The number of service members dealing with weight issues may be low, but it has steadily risen. The 8 percent defined as overweight or obese in 2015 is a nearly 60-percent increase from those identified as overweight or obese in 2011, according to the study. Its authors note that excessive weight and body fat “have a detrimental effect on operational effectiveness and increase the risk of both acute and chronic health effects.”

Shell said a DoD working group is reviewing DoD and service-specific body mass and physical fitness policies and standards, with the goal of recommending revisions that will enhance the fitness and health of the overall force. The working group includes members from the Navy, Air Force, Army, and Coast Guard.

Meanwhile, there’s help for service members who, like Taito, get off track. Soldiers who’ve been identified as exceeding their service’s body fat standards enroll in the Army Body Composition Program. The Air Force’s Fitness Improvement Program is mandatory for service members identified with an unsatisfactory fitness score. It’s also available for any Air Force member who wants to improve his or her overall fitness and health.

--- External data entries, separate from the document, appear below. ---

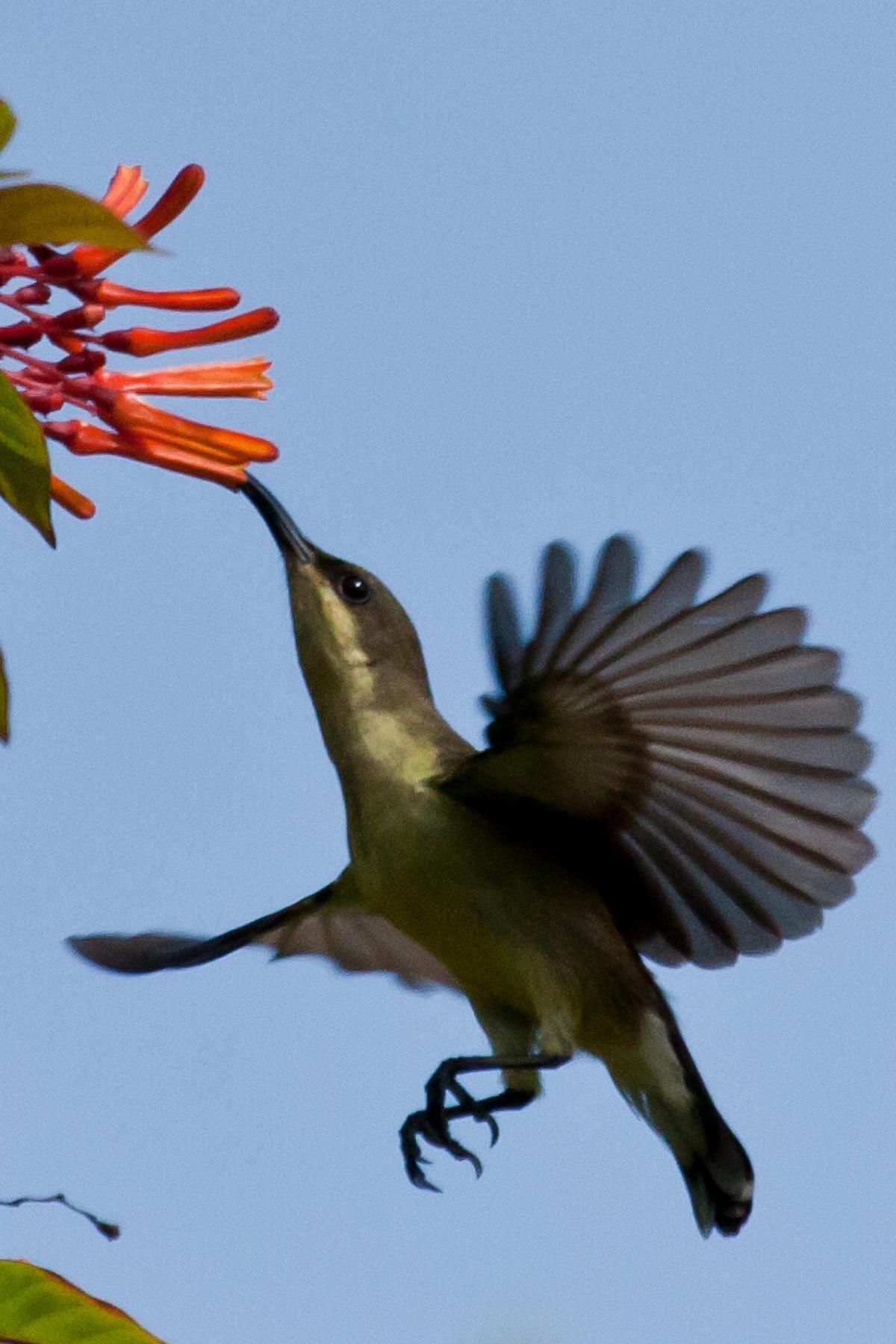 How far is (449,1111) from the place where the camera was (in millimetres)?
3795

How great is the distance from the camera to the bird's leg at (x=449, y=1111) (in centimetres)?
363

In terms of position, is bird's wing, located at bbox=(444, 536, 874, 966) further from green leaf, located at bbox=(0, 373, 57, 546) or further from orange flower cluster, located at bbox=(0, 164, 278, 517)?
green leaf, located at bbox=(0, 373, 57, 546)

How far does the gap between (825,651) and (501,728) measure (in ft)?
2.27

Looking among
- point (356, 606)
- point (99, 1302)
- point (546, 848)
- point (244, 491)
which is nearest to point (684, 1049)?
point (546, 848)

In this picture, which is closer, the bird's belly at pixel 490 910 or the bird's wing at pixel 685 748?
the bird's wing at pixel 685 748

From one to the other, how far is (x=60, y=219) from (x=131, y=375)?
1088mm

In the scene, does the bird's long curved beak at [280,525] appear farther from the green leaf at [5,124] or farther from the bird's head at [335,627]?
the green leaf at [5,124]

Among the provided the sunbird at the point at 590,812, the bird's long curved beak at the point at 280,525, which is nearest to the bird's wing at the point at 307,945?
the sunbird at the point at 590,812

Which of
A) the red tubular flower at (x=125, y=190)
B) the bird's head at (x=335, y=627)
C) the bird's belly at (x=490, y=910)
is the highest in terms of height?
the red tubular flower at (x=125, y=190)

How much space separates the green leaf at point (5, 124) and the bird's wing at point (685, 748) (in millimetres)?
1912

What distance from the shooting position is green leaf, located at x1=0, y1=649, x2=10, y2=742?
7.22 feet

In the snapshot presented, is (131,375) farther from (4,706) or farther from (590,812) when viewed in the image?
(590,812)

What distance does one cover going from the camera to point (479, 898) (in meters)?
4.07

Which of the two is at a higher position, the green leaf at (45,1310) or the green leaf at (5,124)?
the green leaf at (5,124) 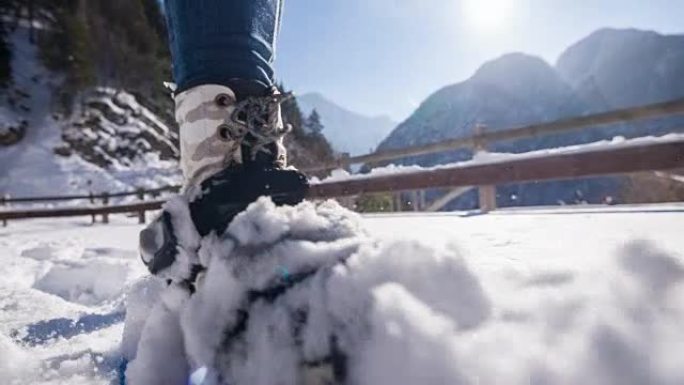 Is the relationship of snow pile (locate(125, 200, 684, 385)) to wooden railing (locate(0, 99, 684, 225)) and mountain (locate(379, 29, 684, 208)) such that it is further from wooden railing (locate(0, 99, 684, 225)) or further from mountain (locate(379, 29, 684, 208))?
mountain (locate(379, 29, 684, 208))

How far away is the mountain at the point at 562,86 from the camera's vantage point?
146ft

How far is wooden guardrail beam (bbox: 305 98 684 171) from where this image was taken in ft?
8.80

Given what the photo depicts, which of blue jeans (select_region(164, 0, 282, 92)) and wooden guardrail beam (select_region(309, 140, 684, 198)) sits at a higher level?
blue jeans (select_region(164, 0, 282, 92))

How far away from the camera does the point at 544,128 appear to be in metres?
3.45

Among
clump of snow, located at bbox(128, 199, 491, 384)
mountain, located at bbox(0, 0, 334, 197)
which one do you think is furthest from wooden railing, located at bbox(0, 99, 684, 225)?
mountain, located at bbox(0, 0, 334, 197)

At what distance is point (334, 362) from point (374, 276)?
75mm

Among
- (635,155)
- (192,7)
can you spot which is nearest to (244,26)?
(192,7)

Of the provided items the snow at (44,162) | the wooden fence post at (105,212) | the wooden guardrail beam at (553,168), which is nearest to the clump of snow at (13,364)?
the wooden guardrail beam at (553,168)

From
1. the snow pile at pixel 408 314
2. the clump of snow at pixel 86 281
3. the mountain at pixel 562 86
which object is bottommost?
the clump of snow at pixel 86 281

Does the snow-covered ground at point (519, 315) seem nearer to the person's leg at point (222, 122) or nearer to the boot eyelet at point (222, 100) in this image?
the person's leg at point (222, 122)

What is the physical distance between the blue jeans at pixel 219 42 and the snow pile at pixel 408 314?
33cm

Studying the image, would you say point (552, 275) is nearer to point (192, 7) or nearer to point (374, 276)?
point (374, 276)

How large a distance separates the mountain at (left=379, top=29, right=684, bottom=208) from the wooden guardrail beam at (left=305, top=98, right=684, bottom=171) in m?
36.1

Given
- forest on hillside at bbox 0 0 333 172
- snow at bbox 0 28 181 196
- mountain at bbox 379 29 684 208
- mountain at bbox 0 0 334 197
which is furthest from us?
mountain at bbox 379 29 684 208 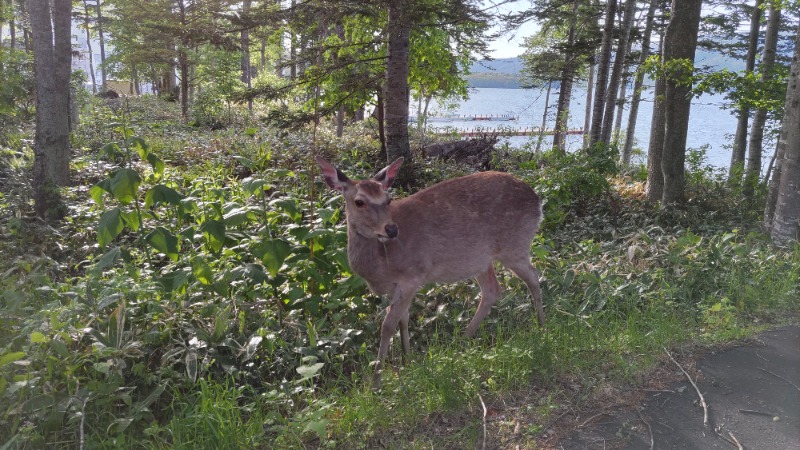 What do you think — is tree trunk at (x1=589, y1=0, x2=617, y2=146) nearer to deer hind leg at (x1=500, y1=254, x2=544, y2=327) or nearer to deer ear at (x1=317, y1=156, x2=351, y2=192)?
deer hind leg at (x1=500, y1=254, x2=544, y2=327)

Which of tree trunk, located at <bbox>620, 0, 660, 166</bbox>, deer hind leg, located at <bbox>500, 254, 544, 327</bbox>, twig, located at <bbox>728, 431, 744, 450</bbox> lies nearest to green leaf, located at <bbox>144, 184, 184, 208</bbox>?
deer hind leg, located at <bbox>500, 254, 544, 327</bbox>

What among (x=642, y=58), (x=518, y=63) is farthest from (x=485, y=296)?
→ (x=518, y=63)

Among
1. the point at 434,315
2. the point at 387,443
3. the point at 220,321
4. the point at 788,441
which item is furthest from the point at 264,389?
the point at 788,441

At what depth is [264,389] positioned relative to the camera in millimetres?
4098

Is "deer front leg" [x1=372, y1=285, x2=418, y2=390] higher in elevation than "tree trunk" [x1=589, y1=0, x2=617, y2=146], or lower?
lower

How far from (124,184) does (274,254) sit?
1.30m

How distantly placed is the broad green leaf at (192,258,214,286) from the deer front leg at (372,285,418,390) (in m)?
1.50

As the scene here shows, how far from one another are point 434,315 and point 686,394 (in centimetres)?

For Taito, his time in ShipShape was well-spent. He’s maintained a focus on healthy eating and portion control. He also works out about five times a week: 15 minutes of cardio exercise to raise his heart rate, followed by 40 minutes of strength training to build and maintain lean muscle tissue. On his latest physical fitness assessment, he earned a “good high” overall.

“I’m in the best shape of my life,” Taito said, “and I feel great.”